New Contribution to the Literature
We are the first to report on the significant differences in pain coping strategies used by patients with SCD who reported experiencing either healthcare justice or health-care injustice from physicians or nurses. These novel findings provide preliminary evidence for future studies on this topic.
Acknowledgments
This publication was made possible by Grant Nos. 1R01HL078536 and 1U54HL090513 from the National Institutes of Health, National Heart Lung and Blood Institute. Its contents are solely the responsibility of the authors and do not necessarily represent the official views of the National Heart Lung and Blood Institute. The final peer-reviewed manuscript is subject to the National Institutes of Health Public Access Policy. The authors thank the patients with sickle cell disease for participating in this study, the staff at the University of Illinois Hospital Comprehensive Sickle Cell Center for their support of the study, and Harriett Wittert and Jesus Carrasco, for their assistance with data collection.
Footnotes
Compliance with Ethical Standards
Conflict of interest We have no potential conflicts of interest with respect to the research, authorship, and/or publication of this article interest except Drs. Molokie and Wilkie received a grant from Pfizer for an unrelated study and Dr. Wilkie is Chairman and Founder of eNURSING llc.
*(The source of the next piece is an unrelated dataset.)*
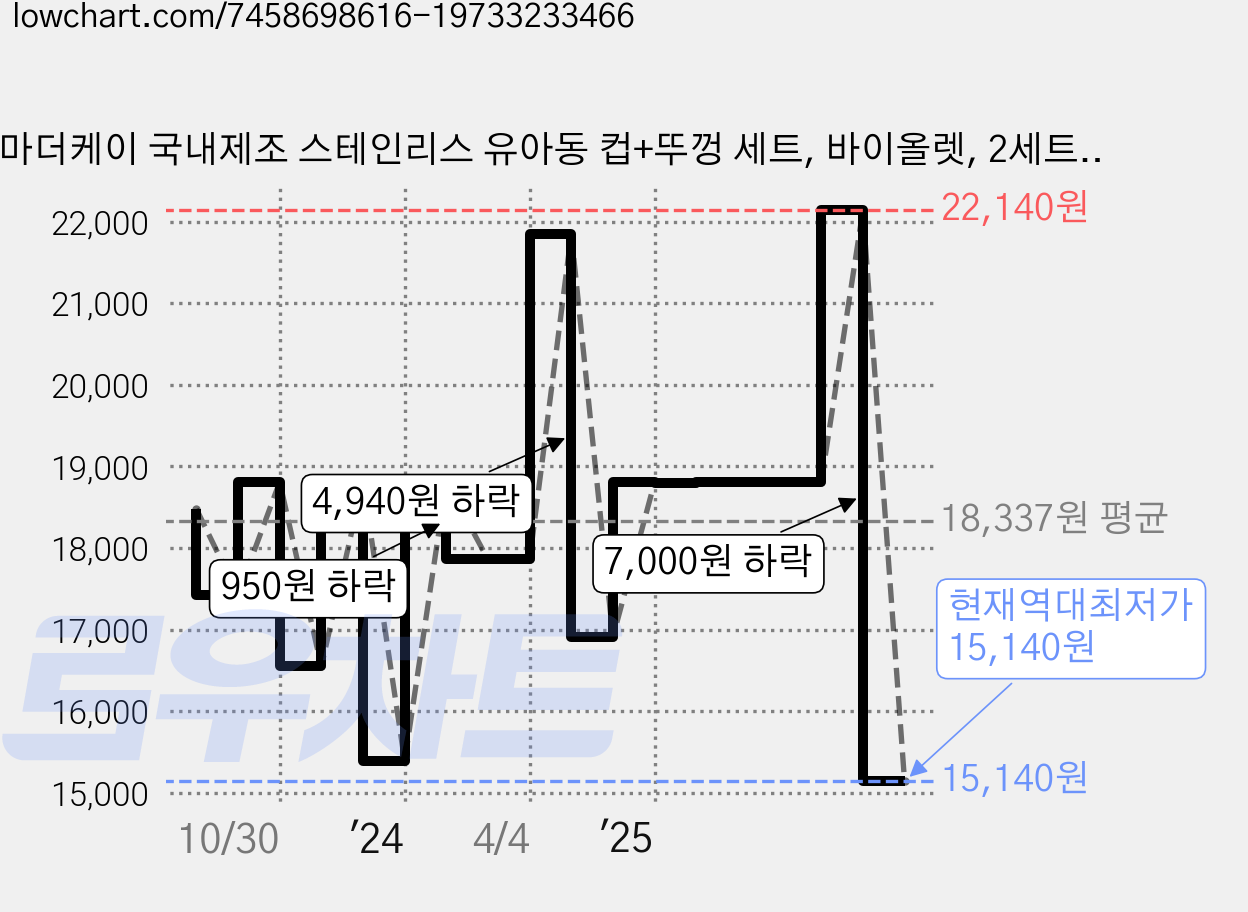 마더케이 국내제조 스테인리스 유아동 컵+뚜껑 세트, 바이올렛, 2세트, 250ml 가격 변동 차트, 현재가 15,140원, 역대최저가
Ethical Approval The Institutional Review Board of an urban public university in Illinois approved the study prior to commencement. Each patient signed a written informed consent form. The study complied with ethical standards regarding research involving human subjects.
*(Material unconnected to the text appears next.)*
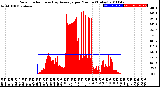 Milwaukee Weather Solar Radiation<br>& Day Average<br>per Minute<br>(Today)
Research Involving Human Participants and/or Animals “This article does not contain any studies with animals performed by any of the authors.” This article involves studies conducted with human participants. As stated above, the research protocol was approved by the Institutional Review Board of an urban public university in Illinois.
Informed Consent “Informed consent was obtained from all individual participants included in the study.”